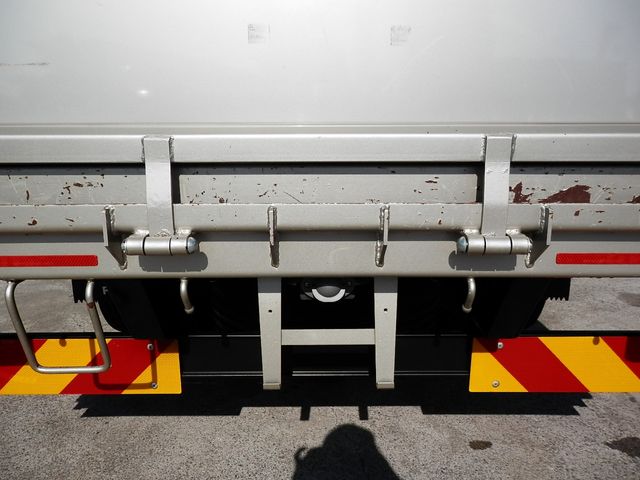 MITSUBISHI CANTER 2017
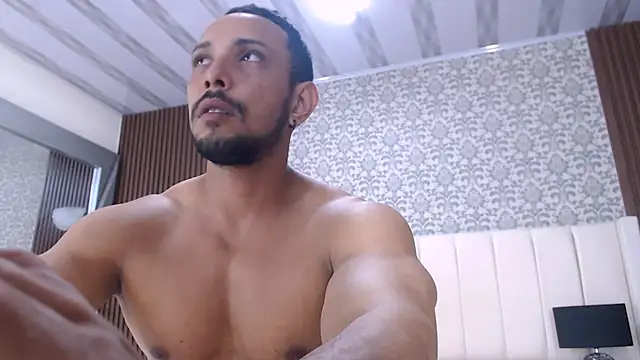 Snapshot of Thiago_Summers chatting on December 2024 06:20:02 PM Thiago Summers online show from December 2024 06:20:02 PM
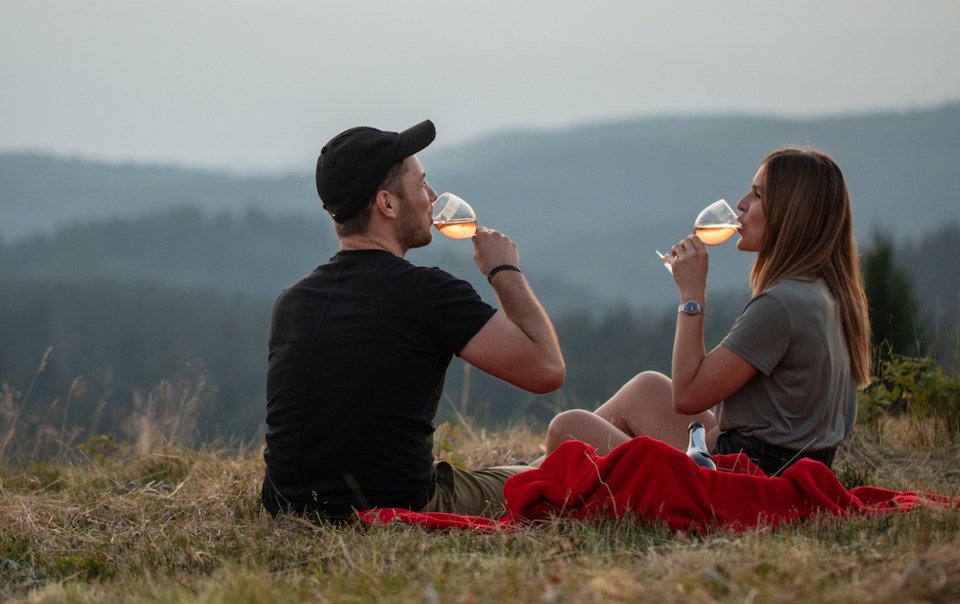 picnic-wine-couple-grass-mountains
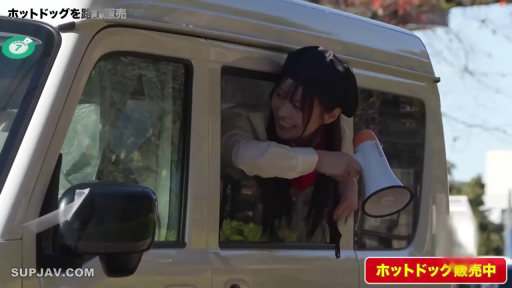 中景 · 開朗 · 红色领巾 · 扩音器 · 剧情扮演 · 货车内 · 探身窗外 · 使用扩音器喊话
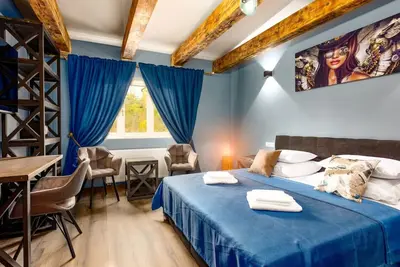 Karlovy Charme Inn: Deluxe 1br Apt No. 638 with View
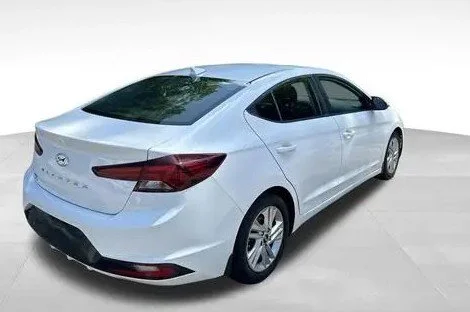 Used 2020 White Hyundai SE image 8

+---+

Exercise goal:
Print exactly the lines between the line containing "picnic-wine-couple-grass-mountains" and the last line of the entries above, including both, and nothing besides; skip the pictures.

Task output:
 picnic-wine-couple-grass-mountains
 中景 · 開朗 · 红色领巾 · 扩音器 · 剧情扮演 · 货车内 · 探身窗外 · 使用扩音器喊话
 Karlovy Charme Inn: Deluxe 1br Apt No. 638 with View
 Used 2020 White Hyundai SE image 8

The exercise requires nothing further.